- [What is needed]: Without including any pictures, reproduce all the lines below word for word.

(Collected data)
______
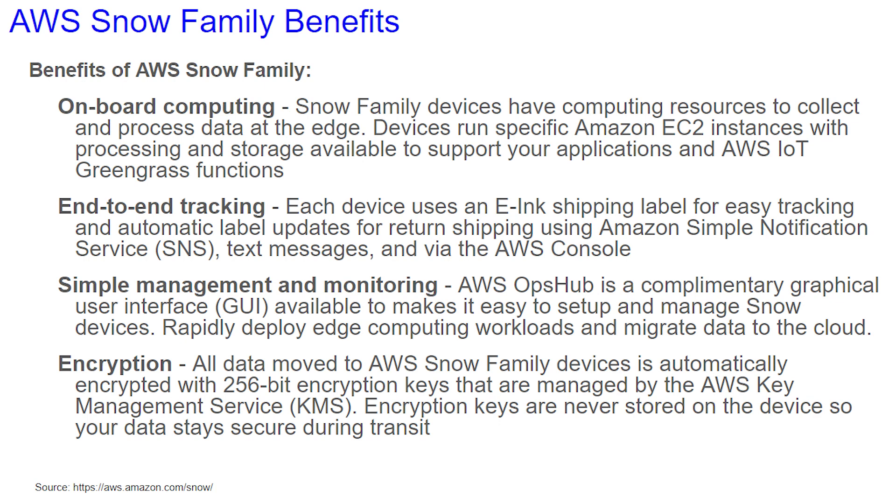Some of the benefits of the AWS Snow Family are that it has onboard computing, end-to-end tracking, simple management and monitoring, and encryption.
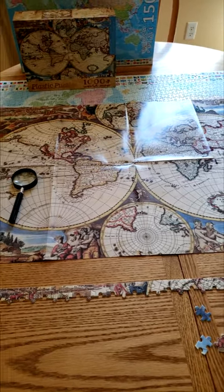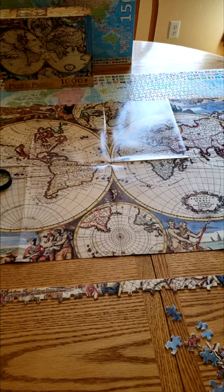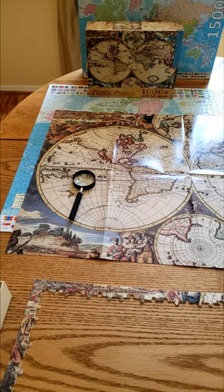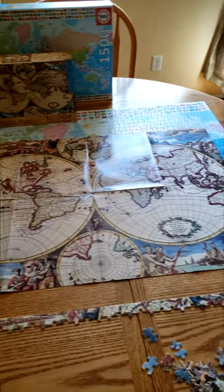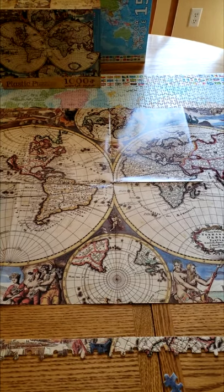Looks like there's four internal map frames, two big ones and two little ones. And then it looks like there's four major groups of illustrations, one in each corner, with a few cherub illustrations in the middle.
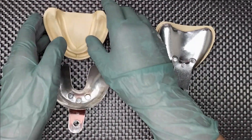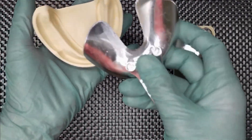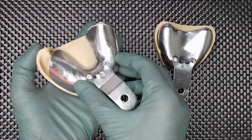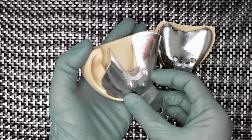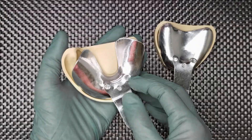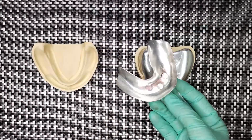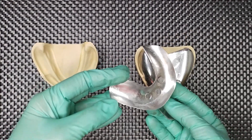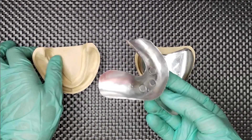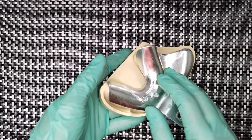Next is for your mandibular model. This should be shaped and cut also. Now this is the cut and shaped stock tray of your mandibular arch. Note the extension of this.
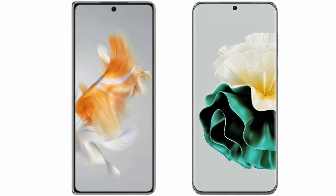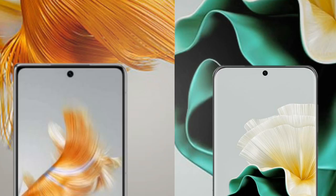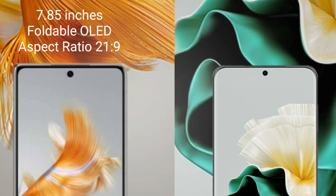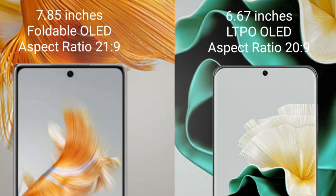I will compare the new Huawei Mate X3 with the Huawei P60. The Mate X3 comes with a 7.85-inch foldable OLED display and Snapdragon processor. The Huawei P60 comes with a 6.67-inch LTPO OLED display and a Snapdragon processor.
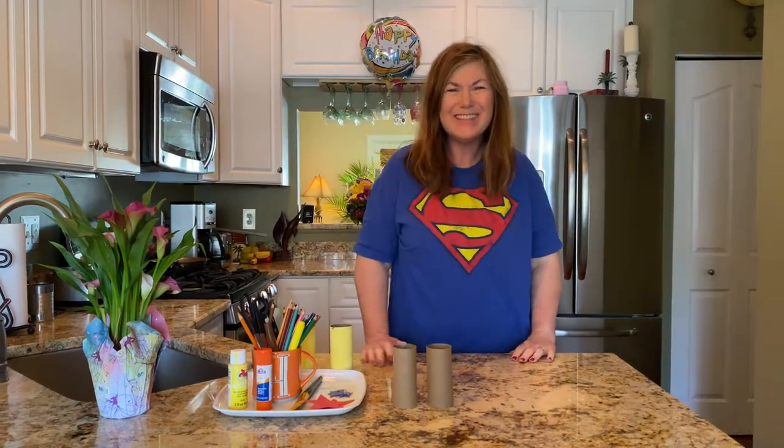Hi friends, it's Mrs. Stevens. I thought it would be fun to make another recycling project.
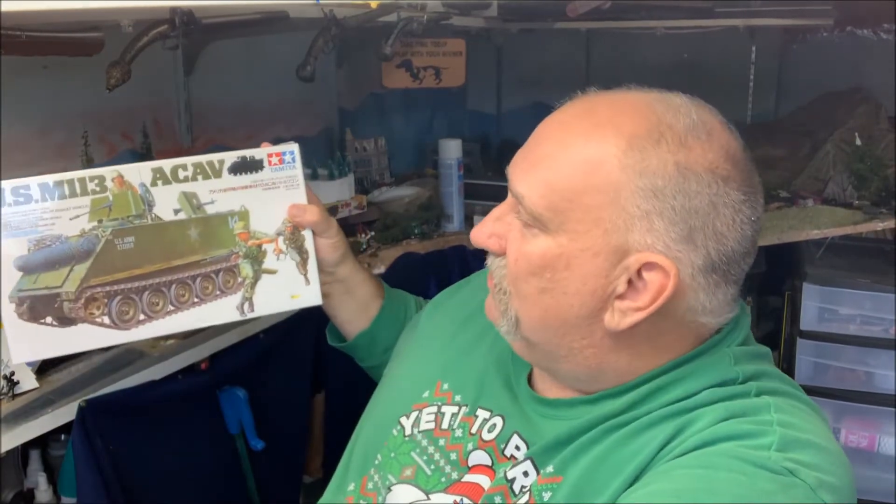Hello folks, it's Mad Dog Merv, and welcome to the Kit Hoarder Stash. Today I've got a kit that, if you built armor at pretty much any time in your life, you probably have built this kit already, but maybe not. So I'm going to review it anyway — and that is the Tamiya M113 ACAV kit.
______
- [Problem solution]:
Some of the benefits of the AWS Snow Family are that it has onboard computing, end-to-end tracking, simple management and monitoring, and encryption.
Looks like there's four internal map frames, two big ones and two little ones. And then it looks like there's four major groups of illustrations, one in each corner, with a few cherub illustrations in the middle.
Next is for your mandibular model. This should be shaped and cut also. Now this is the cut and shaped stock tray of your mandibular arch. Note the extension of this.
I will compare the new Huawei Mate X3 with the Huawei P60. The Mate X3 comes with a 7.85-inch foldable OLED display and Snapdragon processor. The Huawei P60 comes with a 6.67-inch LTPO OLED display and a Snapdragon processor.
Hi friends, it's Mrs. Stevens. I thought it would be fun to make another recycling project.
Hello folks, it's Mad Dog Merv, and welcome to the Kit Hoarder Stash. Today I've got a kit that, if you built armor at pretty much any time in your life, you probably have built this kit already, but maybe not. So I'm going to review it anyway — and that is the Tamiya M113 ACAV kit.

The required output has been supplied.